# ASSIGNMENT:
The entire listing that follows must be repeated exactly, pictures excluded.

# INFORMATION SUPPLIED:
┌──

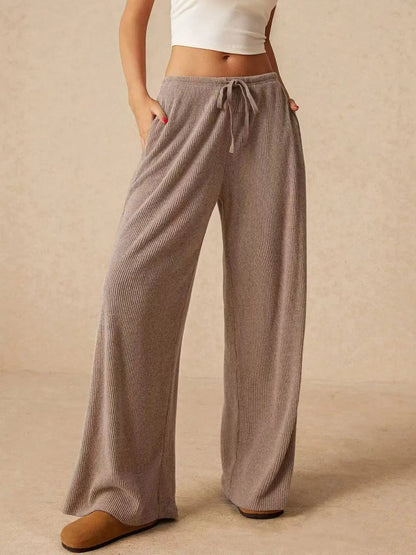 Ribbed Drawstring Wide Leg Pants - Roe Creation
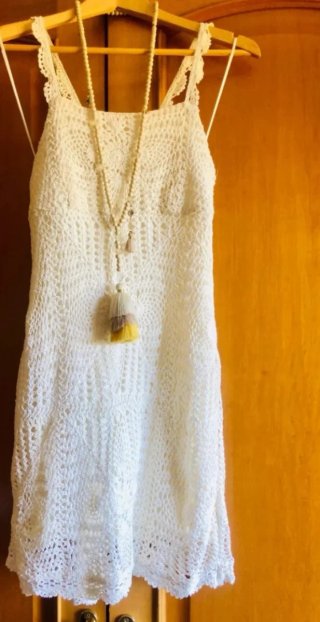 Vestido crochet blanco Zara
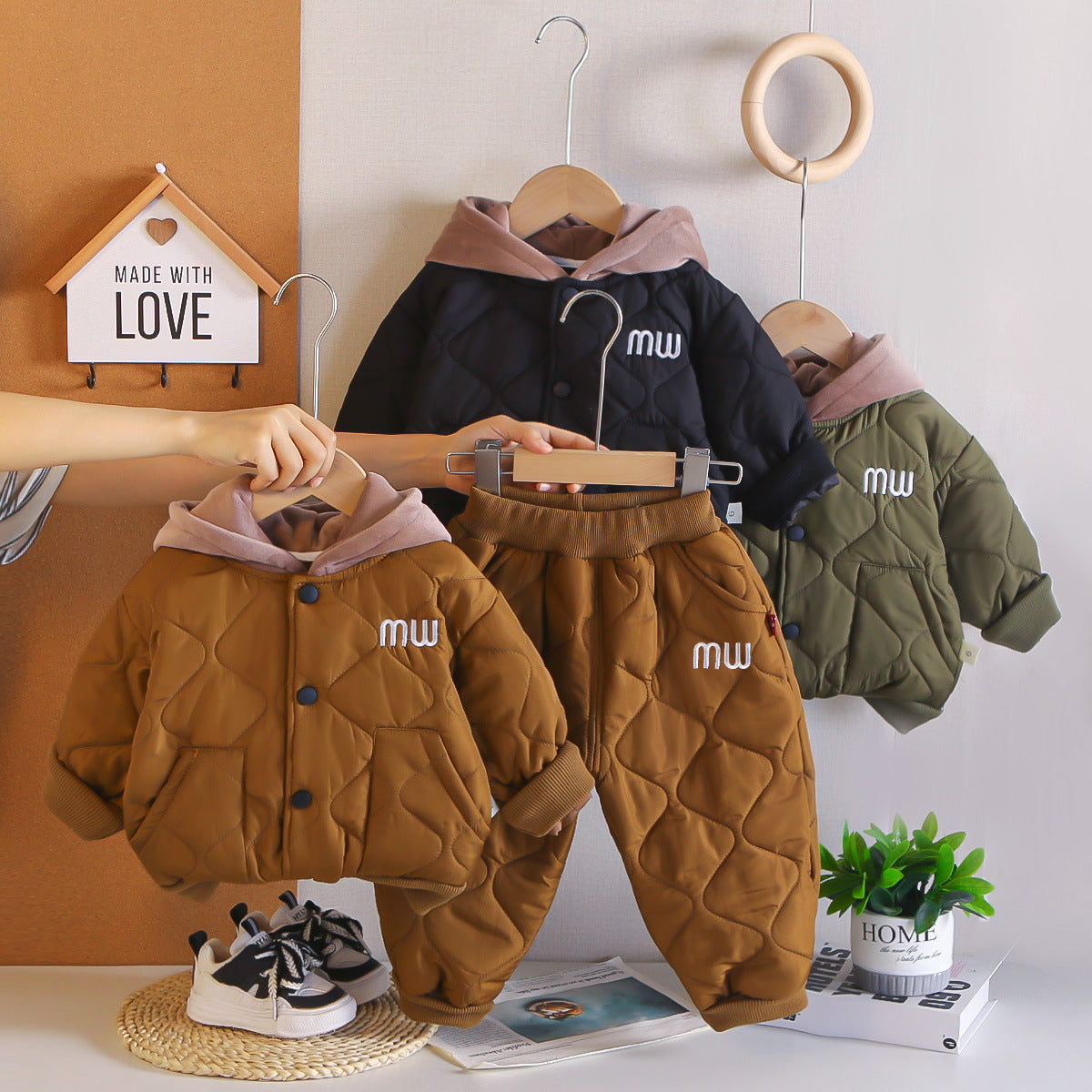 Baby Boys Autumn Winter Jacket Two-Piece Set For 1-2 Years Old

└──

# RESULT OF THIS EXERCISE:
 Ribbed Drawstring Wide Leg Pants - Roe Creation
 Vestido crochet blanco Zara
 Baby Boys Autumn Winter Jacket Two-Piece Set For 1-2 Years Old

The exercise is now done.